1940 senesinde İspanya’nın bu şehri dünya çapında bir kültürel miras olarak kabul edilmiş ve çok seneler sonra 1986 senesinde UNESCO devreye girip burayı kültürel yapısı ve özellikleri nedeniyle UNESCO DÜNYA MİRASI listesine almış.

Günümüzde İspanya’da Toledo gibi kırk üç tane UNESCO DÜNYA MİRASI bulunuyor.

Bu nedenle İspanya’nın neredeyse tüm bölgelerine yayılmış olan bu şahane kültür miraslarını mutlaka yolunuz düştükçe görmenizi tavsiye ederim.

Bunlardan bazıları örneğin Segovia kenti ve su kemeri, Cordoba Antik Kenti, Granada’daki Elhamra Sarayı, Madrid’deki Escorial Sarayı ve Manastırı, Barcelona’da Antonio Gaudi’ye ait eserler, Galicia’daki Santiago de Compostela Kilisesi ve bunun gibi niceleri. Hepsi kültürel anlamda birer cevher, İspanya'ya has ve gerçekten eşsiz.

İspanya’ya gittiğinizde bir de buradaki damak tadı ve İspanyol mutfağı bize çok uygun, çok leziz. Toledo örneğin bu sene İspanya'nın gastronomi merkezi seçildi ve İspanya’da yaklaşık 180 tane Michelin yıldızlı restoran var.

toledo-2

Sokak sokak gezin

İspanya’ya geldiğinizde bulunduğunuz bölgeye göre elbette tapasları yani küçük küçük mezeleri keyifle tatmanızı dilerim. Diğer taraftan tabii çok fazla Jamon yani Jambon çeşitleri var ve genelde çok seviliyor. İspanyol şarapları ve ev şarapları var. Balık ürünleri severseniz paellalar, balıklar, balık mezeleri çok güzel. Bazı bölgelerde ise çok fazla büyükbaş hayvan yetiştiriliyor ve kırmızı etleri de çok leziz.

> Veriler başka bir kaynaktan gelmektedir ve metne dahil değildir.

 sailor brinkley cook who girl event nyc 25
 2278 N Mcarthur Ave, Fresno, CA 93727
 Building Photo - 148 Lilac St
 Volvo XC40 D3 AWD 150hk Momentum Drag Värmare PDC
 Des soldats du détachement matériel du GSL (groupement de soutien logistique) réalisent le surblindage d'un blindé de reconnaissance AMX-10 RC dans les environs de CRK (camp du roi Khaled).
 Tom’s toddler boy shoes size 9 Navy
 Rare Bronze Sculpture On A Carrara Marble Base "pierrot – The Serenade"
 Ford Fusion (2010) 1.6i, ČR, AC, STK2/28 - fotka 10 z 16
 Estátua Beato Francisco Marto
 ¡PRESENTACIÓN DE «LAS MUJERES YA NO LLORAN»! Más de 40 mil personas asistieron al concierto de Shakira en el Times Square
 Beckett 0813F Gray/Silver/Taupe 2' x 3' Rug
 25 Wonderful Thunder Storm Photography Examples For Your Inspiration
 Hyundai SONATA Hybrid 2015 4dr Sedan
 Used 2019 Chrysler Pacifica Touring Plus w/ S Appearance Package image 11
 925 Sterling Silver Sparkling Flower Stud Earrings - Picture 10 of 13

Toledo’nun ise tatlıları özellikle badem tatlısı meşhur. Tatlı badem, şeker ve yumurtadan yapılıyor ve halk arasında çok seviliyor. Kanımca sizde Toledo’da sokak sokak gezin ve o harika yerel ve geleneksel mutfağına sahip restoranları keşfedin. O harika ahşap yapılarda kendinize güzel bir teras bulup hem manzarayı sonuna kadar özümseyin, o güzelliği yaşayın ve tarihi içinize çekin ya da buradaki ‘Hacienda’lara benzeyen bir restoran keşfedin. Haciendalar genelde büyük avluları olan muazzam güzellikteki yerel çiftlikler. Buradaki mimariye ve verdiği serinliğe hayran kalıp gene tarihin derinliklerine dalın derim.

Buradan da anlaşılacağı gibi İspanya uçsuz bucaksız kocaman ve kültürel ve doğal güzelliklerle dopdolu bir ülke. 

En yakın zamanda keşfetmenizi dilerim.